Thanks guys. I am super pleased with it. It will last my lifetime and another one or two lol.


----------



## jcam222 (Mar 15, 2022)

zwiller said:


> NICE.  Kinda funny but I think it looked fine and MUCH better than smokers I see around here.  Looks new now.  You going pro?


Not just yet but the time will come


----------



## jcam222 (Mar 15, 2022)

tx smoker said:


> Absolutely fantastic Jeff!! You know I've been waiting a long time to see these pics and it was well worth the wait. A beautiful brand new smoker. Now maybe it's time to think about retirement and using the Lang for what you originally bought it for   Hell, I'll drive up on the weekends and help out. Only payment required is dinner if there's any left
> 
> Robert


Trust me, it’s a daily battle inside my head haha


----------



## jcam222 (Mar 15, 2022)

SmokinAl said:


> Awesome job Jeff!
> When I saw the photo of the original, I had no idea you could make it look like new!
> Maybe you should get into the restoration business. I’m sure you could double your money on the 84.
> Al


Credit all goes to the guy I had do it here locally. He did the entire refurb for $1500. Trust me I’m on the lookout for deals to flip. He made it clear he’d love to make money doing more of them.


----------



## jcam222 (Mar 15, 2022)

SmokinVOLfan said:


> View attachment 529034
> 
> 
> Hell yeah Jeff that is a thing of beauty! Guy did a great job! You are going to have to tell your wife to park her car on the street that bad boy needs a home in the garage.
> ...





Sowsage said:


> It looks fantastic!!.. Looks like they did a quality job for you on it.. The wheels look great too!!
> Your neighbors are gonna thinkbyou went out and baught a new one!!

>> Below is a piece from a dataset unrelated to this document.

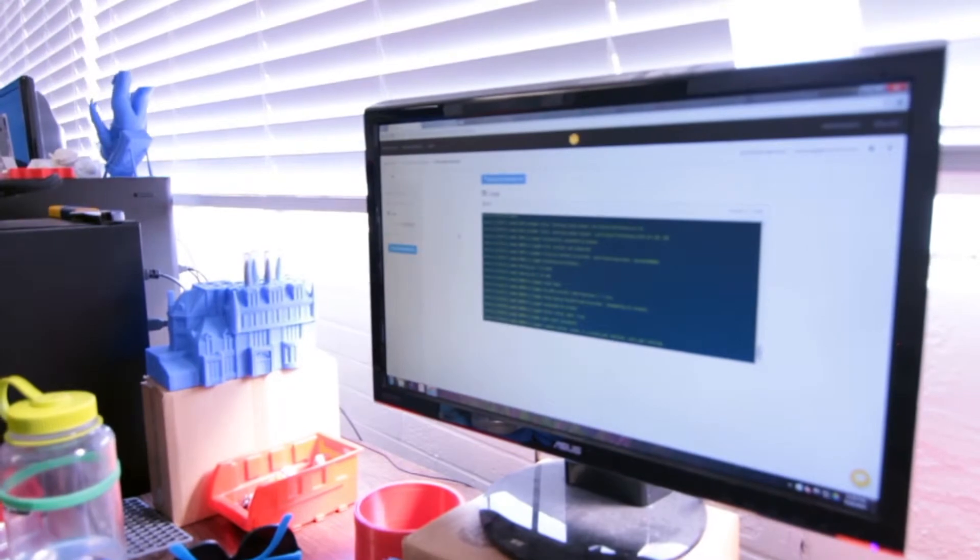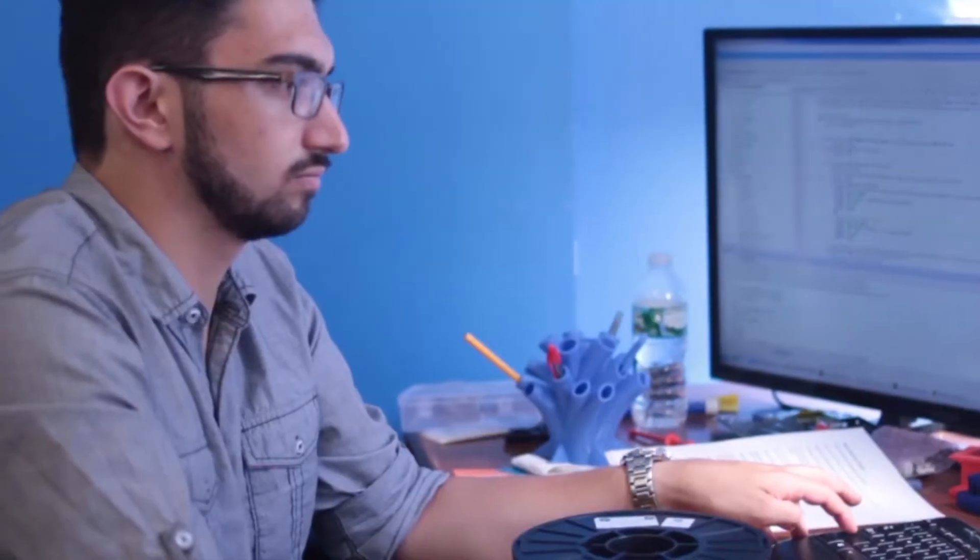Before we were using Resin, we would have to generate RSA keys for every single printer and then synchronize them with all of our servers. Whenever we wanted to issue an update, we'd have to SSH into each machine individually.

 Lol grabbed these wheels on Amazon! Crazy what you can buy there. 


Brokenhandle said:


> That looks awesome Jeff! Are your neighbors lined up outside with hunks of meat yet?
> 
> Ryan


 Funny you ask that, run into my neighbor at the barbershop today. Him - “man that smoker looks great! Think maybe I could throw some meat in it sometime when you cook and get a few pointers?”  Heck yea always happy to help out.


----------